Dunia Perpustakaan | Abad XXI bagi Bangsa Indonesia adalah abad industri yang disangga dengan teknologi informasi yang semakin canggih. Kemajuan tersebut menuntut dukungan budaya baca dan tulis, yaitu perwujudan perilaku yang mencakup kemampuan, kebiasaan, kegemaran, dan kebutuhan baca tulis.
Namun budaya tersebut sampai penggal pertama dekade terakhir abad ke-20 belum berkembang di masyarakat Indonesia.
Yang menjadi pertanyaan sekarang adalah mulai kapan kemampuan baca dan tulis itu mulai diajarkan?
Ada sebagian pendapat yang menyatakan bahwa membaca dan menulis baru diajarkan pada saat anak sudah di SD, tetapi banyak juga para ahli yang menyatakan bahwa membaca dan menulis harus diajarkan sejak dini.

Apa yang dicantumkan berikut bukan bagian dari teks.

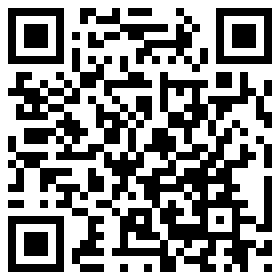qrcode für Helestra ENIO Deckenleuchte schwarz weiß - 15/2216.22-07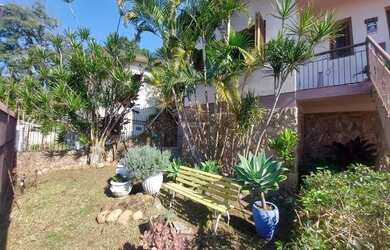 Imagem 4: GUAíBA - Casa Padrão - Centro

Apalagi di jaman yang semakin modern ini, kecanggihan smartphone tidak hanya memberikan dampak positif tapi juga memberikan dampak negatif yang cukup signifikan. Kecanggihan smartphone membuat sebagian besar generasi muda kita lebih memilih untuk terus-menerus memainkan smartphone-nya dibandingkan harus membaca buku.
Buku seharga Rp50.000,00 pun dianggap lebih mahal dibandingkan harga paket internet Rp70.000,00. Mereka pasti lebih memilih membeli paket internet daripada membeli buku yang harganya Rp50.000,00 tersebut.
Mirisnya lagi kini sudah terlahir generasi copy paste ( kopas ). Generasi kopas adalah generasi yang benar-benar malas untuk membaca buku. Mereka lebih memilih mencari sebuah materi di Google lalu meng-copy paste materi tersebut di lembar kerja mereka dibandingkan harus mencari materi di buku dan mengetiknya sendiri di lembar kerja mereka.
Hilangnya generasi muda yang gemar membaca kini benar–benar sudah terlihat.
Di Zaman sekarang ini harusnya menjadi pemicu generasi muda kita untuk menjadi pribadi yang cerdas dengan cara gemar membaca buku justru hanya dianggap ancaman yang tak berarti.